Citizen Boyne looked temperately at his cellmate and made the Quirked Smile.
“You see?” he said. “Wolf.” And that was true; but what was also true was that he couldn’t refuse.
4
Half a world away, the midnight-blue Pyramid sat on its planed-off peak as it had sat since the days when Earth had a real Sun of its own.
It was of no importance to the Pyramid that Glenn Tropile was about to receive a slim catheter into his spine, to drain his sap and his life. It didn’t matter to the Pyramid that the spinal fluid would then be swallowed by his fellows, or that the pretext for the execution was an act which human history used not to consider a capital crime. Ritual sacrifice in whatever guise made no difference to the Pyramid. The Pyramid saw them come and the Pyramid saw them go—if the Pyramid could be said to “see”. One human being more or less, what matter? Who bothers to take a census of the cells in a hangnail?
And yet, the Pyramid did have a kind of interest in Glenn Tropile, and in the human race of which he was a part.
Nobody knew much about the Pyramid, but everybody knew that much. They wanted something—else why would they have bothered to steal the Earth?
And that they had definitely done.
The year was 2027 A.D., a true date to live in infamy. There were other years that human beings had chosen to remember—1941; 1066; 1492—but nothing, ever, with consequences so vast as the year 2027, no, not since those earliest and forgotten dates when the first amphibian crawled out of the sea or the first hairy biped picked up a tool.
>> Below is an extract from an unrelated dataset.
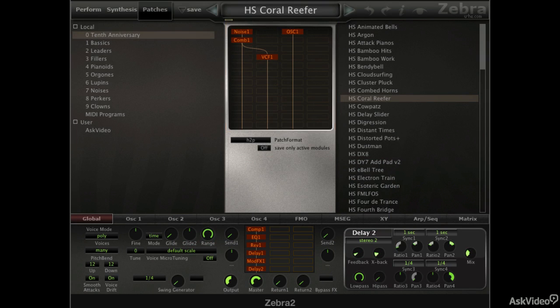Now in this course, I'm not going to go over basics of synthesis because there's a lot to cover in Zebra and there won't be enough time to go over synthesis techniques. This course will focus just on understanding Zebra, so it will help if you already have a good understanding of synthesis techniques. Alright, if you're all set, let's not waste any more time and get right into Zebra in the next tutorial.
Twenty twenty-seven topped them all. The Runaway Planet had slipped feloniously into the solar system, intent on burglary, and ever since it had been making off with its plunder.
Courageous human beings had blasted out into space to investigate. Three shiploads of them had actually landed on the Pyramid planet (they didn’t know that was what it was, then.) They didn’t even report, really. The first message back, right after touchdown, was, “It seems, ah, very barren.” There wasn’t any second.
Perhaps those landings were a mistake. Some thought so. Some thought that if the human race had cowered silent under its blanket of air the Pyramids might have run right through the ecliptic and away.
However, the triumphal “mistake” was made, and that may have been the first time a human eye saw a Pyramid.
Shortly after—though not before the radio message was sent—that human eye winked out forever; but by then the damage was done. What passed in a Pyramid for “attention” had been attracted. The next thing that happened set the wireless channels between Palomar and Pernambuco, between Greenwich and the Cape of Good Hope, buzzing and worrying, as astronomers all over the Earth reported and confirmed and reconfirmed the astonishing fact that our planet was on the move. Rejoice in Messias had come to take us away.
A world of ten billion people, some of them brilliant, many of them brave, built and flung the giant rockets of Operation Up at the invader: Nothing.
The two ships of the Interplanetary Expeditionary Force were boosted up to no-gravity and dropped onto the new planet to strike back: Nothing.
Earth moved spirally outward. If a battle could not be won, then perhaps a migration. New ships were built in haste. But they lay there rusting as the sun grew small ana the ice grew thick; because where was there to go? Not Mars; not the Moon which was trailing along; not choking Venus or crushing Jupiter.
The migration was defeated as surely as the war, there being no place to migrate to.
One Pyramid came to Earth, only one. It shaved the crest off the highest mountain there was, and squatted on it. An observer? A warden? Whatever it was, it stayed.